- [Task brief]: Only the lines from the line that contains "Philip Kingsley Anti-dandruff" through the final line of the entries below belong in your answer, copied exactly and without pictures.

- [Material supplied]:

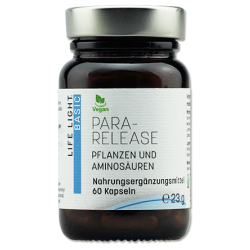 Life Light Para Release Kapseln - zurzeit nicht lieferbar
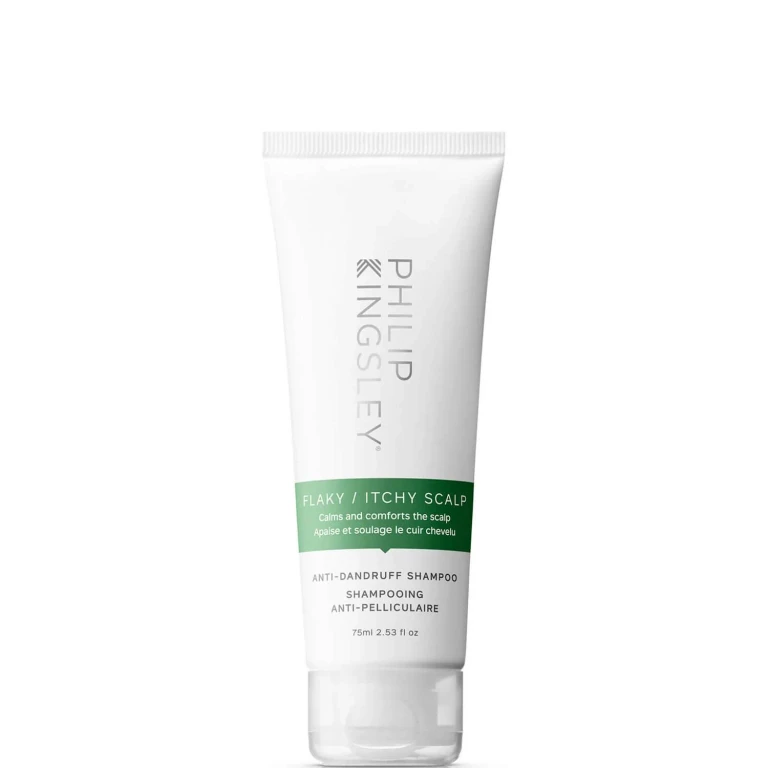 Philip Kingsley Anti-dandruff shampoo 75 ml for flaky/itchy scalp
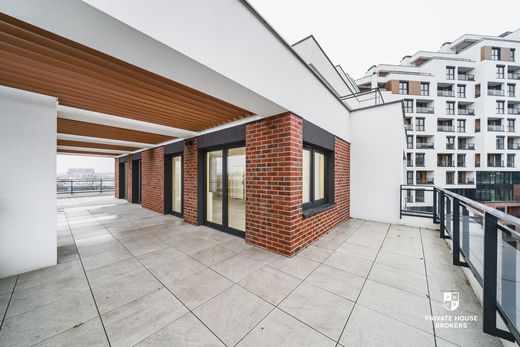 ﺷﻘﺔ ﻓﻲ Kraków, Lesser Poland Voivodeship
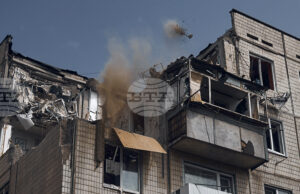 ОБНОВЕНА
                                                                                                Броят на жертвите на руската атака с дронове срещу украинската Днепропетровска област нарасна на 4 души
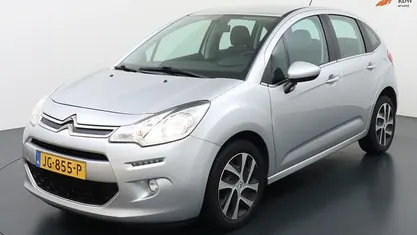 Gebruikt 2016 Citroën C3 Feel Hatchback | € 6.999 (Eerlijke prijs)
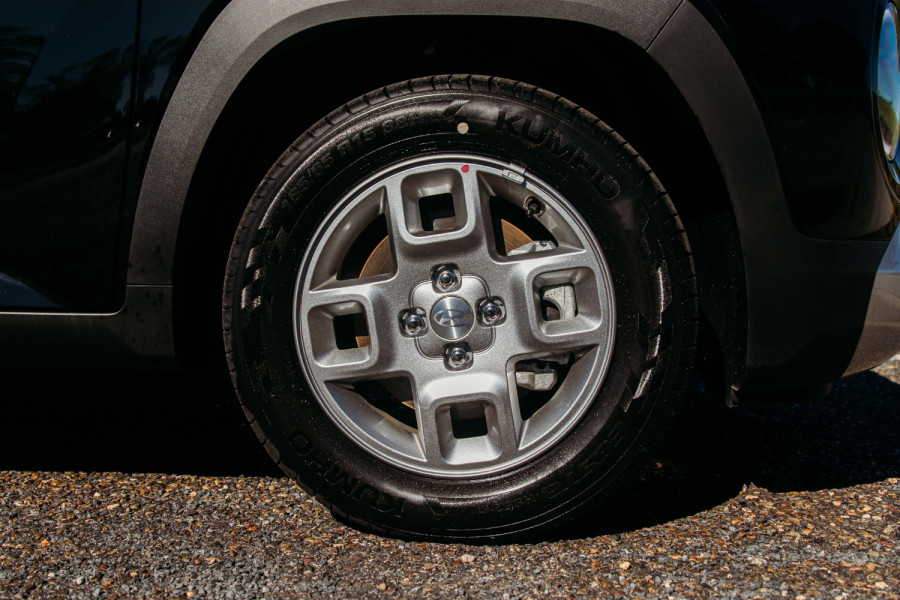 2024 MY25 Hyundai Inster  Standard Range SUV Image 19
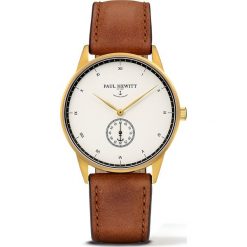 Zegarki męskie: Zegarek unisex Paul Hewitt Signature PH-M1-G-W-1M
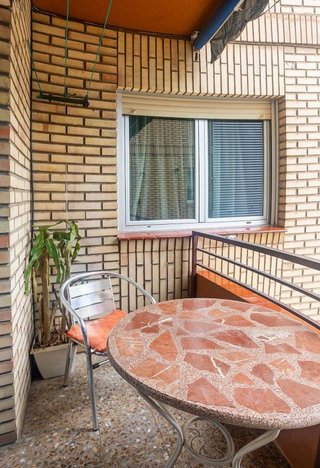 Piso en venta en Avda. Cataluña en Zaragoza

- [Answer space]:
 Philip Kingsley Anti-dandruff shampoo 75 ml for flaky/itchy scalp
 ﺷﻘﺔ ﻓﻲ Kraków, Lesser Poland Voivodeship
 ОБНОВЕНА
                                                                                                Броят на жертвите на руската атака с дронове срещу украинската Днепропетровска област нарасна на 4 души
 Gebruikt 2016 Citroën C3 Feel Hatchback | € 6.999 (Eerlijke prijs)
 2024 MY25 Hyundai Inster  Standard Range SUV Image 19
 Zegarki męskie: Zegarek unisex Paul Hewitt Signature PH-M1-G-W-1M
 Piso en venta en Avda. Cataluña en Zaragoza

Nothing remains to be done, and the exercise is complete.